The Kruskal–Wallis test is a rank-based test that is similar to the Mann–Whitney U test, but can be applied to one-way data with more than two groups. A significant result suggests that values for the groups are not all the same. The test is useful to compare the scores or ratings from multiple speakers, presentations, or groups of audiences.

If the shape and spread of the distributions of values of each group is similar, then the test compares the medians of the two groups. Otherwise, the test is really testing if the distributions of values of the two groups differ. Outliers affect the spread of the data; so, if there are outliers, the test doesn’t reliably test for the median.

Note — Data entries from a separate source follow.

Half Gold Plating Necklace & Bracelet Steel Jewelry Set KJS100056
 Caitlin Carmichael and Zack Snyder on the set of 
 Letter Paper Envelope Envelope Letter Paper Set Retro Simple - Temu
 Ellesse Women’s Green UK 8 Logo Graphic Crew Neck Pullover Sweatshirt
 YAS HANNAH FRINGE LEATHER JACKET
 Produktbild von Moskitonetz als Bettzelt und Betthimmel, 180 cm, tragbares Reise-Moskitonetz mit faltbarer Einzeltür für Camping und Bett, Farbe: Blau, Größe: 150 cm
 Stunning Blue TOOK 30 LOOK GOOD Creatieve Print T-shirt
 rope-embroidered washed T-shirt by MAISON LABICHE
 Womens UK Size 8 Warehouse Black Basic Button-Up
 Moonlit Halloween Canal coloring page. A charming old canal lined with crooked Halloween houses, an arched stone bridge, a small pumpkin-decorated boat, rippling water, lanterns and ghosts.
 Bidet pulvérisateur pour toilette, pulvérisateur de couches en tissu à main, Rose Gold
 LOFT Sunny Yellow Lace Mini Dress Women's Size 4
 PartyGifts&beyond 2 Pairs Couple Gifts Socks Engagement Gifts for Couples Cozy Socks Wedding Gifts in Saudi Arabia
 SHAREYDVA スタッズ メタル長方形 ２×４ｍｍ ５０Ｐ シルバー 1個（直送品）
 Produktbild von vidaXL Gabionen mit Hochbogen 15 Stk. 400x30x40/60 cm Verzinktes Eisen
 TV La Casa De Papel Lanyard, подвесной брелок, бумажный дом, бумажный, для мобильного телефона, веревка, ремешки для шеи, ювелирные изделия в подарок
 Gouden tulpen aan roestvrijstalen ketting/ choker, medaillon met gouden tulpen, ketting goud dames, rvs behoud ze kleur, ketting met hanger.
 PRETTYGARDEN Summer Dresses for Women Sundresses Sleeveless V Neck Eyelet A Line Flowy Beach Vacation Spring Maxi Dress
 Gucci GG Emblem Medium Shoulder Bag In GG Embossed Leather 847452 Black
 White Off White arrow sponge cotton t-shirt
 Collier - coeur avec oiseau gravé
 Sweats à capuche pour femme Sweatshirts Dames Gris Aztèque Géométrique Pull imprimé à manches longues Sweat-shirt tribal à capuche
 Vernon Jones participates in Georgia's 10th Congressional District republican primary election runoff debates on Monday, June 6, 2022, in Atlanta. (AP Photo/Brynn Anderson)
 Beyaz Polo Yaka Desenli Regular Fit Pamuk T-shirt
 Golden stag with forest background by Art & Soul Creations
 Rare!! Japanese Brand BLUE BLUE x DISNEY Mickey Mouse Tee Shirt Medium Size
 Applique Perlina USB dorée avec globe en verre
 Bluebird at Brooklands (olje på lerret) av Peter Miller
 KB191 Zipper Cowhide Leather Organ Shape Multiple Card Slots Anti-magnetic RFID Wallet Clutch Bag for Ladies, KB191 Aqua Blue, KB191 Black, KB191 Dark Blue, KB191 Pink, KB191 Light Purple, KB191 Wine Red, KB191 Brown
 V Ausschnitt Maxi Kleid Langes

The test is performed with the *kruskal.test* function.

If the distributions of values of each group are similar in shape, but have outliers, then Mood’s median test is an appropriate alternative. Mood’s median test is described in the next chapter.

##### Post-hoc tests

The outcome of the Kruskal–Wallis test tells you if there
are differences among the groups, but doesn’t tell you *which* groups are
different from other groups. In order to determine which groups are different
from others, post-hoc testing can be conducted. Probably the most common
post-hoc test for the Kruskal–Wallis test is the Dunn test, here conducted with
the *dunnTest* function in the *FSA* package. An alternative to this
is to conduct Mann–Whitney tests on each pair of groups. This is accomplished
with *pairwise.wilcox.test* function.

##### Appropriate data

• One-way data

• Dependent variable is ordinal, interval, or ratio

• Independent variable is a factor with two or more levels. That is, two or more groups

• Observations between groups are independent. That is, not paired or repeated measures data

• In order to be a test of medians, the distributions of values for each group need to be of similar shape and spread. Otherwise the test is a test of distributions.

##### Hypotheses

*If the distributions of the two groups are similar in
shape and spread:*

• Null hypothesis: The medians of values for each group are equal.

• Alternative hypothesis (two-sided): The medians of values for each group are not equal.

*If the distributions of the two groups are not similar in
shape and spread:*

• Null hypothesis: The distribution of values for each group are equal.

• Alternative hypothesis (two-sided): The distribution of values for each group are not equal.

##### Interpretation

*If the distributions of the two groups are similar in
shape and spread:*

Significant results can be reported as “There was a significant difference in median values across groups.”

Post-hoc analysis allows you to say “The median for group A was higher than the median for group B”, and so on.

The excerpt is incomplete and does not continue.